Christopher Plummer came from an impressive family

Christopher Plummer's grand stage presence might give the impression that he was from the sort of family that got dressed up for dinner and had entire rooms of their home dedicated to entertaining, and he absolutely was: The Washington Post says that the family was established by John Abbott, a lawyer and Canadian prime minister who was given a knighthood in 1892. Plummer was born just a few decades later on December 13, 1929, and he's been frank about the advantages he had in youth.

He credits the evenings that the family spent reading aloud to each other for his love of the theatre, but something else came along with that: he'd later write in his memoir, In Spite of Myself, that he "harbored the old-fashioned stage actor's snobbism toward moviemaking," for a long time. 

Plummer's upbringing was the sort that made him consider a career as a classical pianist first, and he told Vanity Fair that he thought of acting in much the same way: "You make your own symphony out of words." (He's pictured as Hamlet, in a performance at the actual Elsinore Castle.)

His young life wasn't all fun and games

The New York Times says Christopher Plummer described his family as belonging to the "fading social aristocracy," but it wasn't all playing tennis and learning the piano (although that was part of it, too).

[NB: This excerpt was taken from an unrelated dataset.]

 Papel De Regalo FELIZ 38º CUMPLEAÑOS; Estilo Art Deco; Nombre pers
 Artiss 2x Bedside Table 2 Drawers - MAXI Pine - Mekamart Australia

He also said that his well-to-do home life "made me want to be bad and rough and find the secrets rather than the gates," and it wasn't as picture-perfect as it might seem at a glance.

Plummer's parents split not long after he was born, and his father had nothing to do with him until he was a teenager. And that's nothing at all — they didn't even meet until Plummer was 17, and his father went to a play that he was in. He'd later recall that they would meet a few more times, but as far as any kind of relationship, that was non-existent.

He also remembered that while his teachers called him gifted and at home he was definitely spoiled, there was a bit of rebelliousness that went along with that. He wrote in his memoir: "How often as a mere teenager, tanked to the gills on cheap rye whiskey and Molson chasers, did I stagger home in the blinding cold." It wasn't just a phase, either, and he would later go on to have problems with alcohol abuse and addiction.

Christopher Plummer absolutely hated filming The Sound of Music

To say that Christopher Plummer hated The Sound of Music is putting it very, very lightly. According to The New York Times, he wasn't even fond of referring to the film by the proper name, and instead called it either The Sound of Mucus or — awesomely — S&M. The Irish Times quoted him explaining his distaste: "Because it was so awful and sentimental and gooey. You had to work terribly hard to try and infuse some miniscule bit of humor into it."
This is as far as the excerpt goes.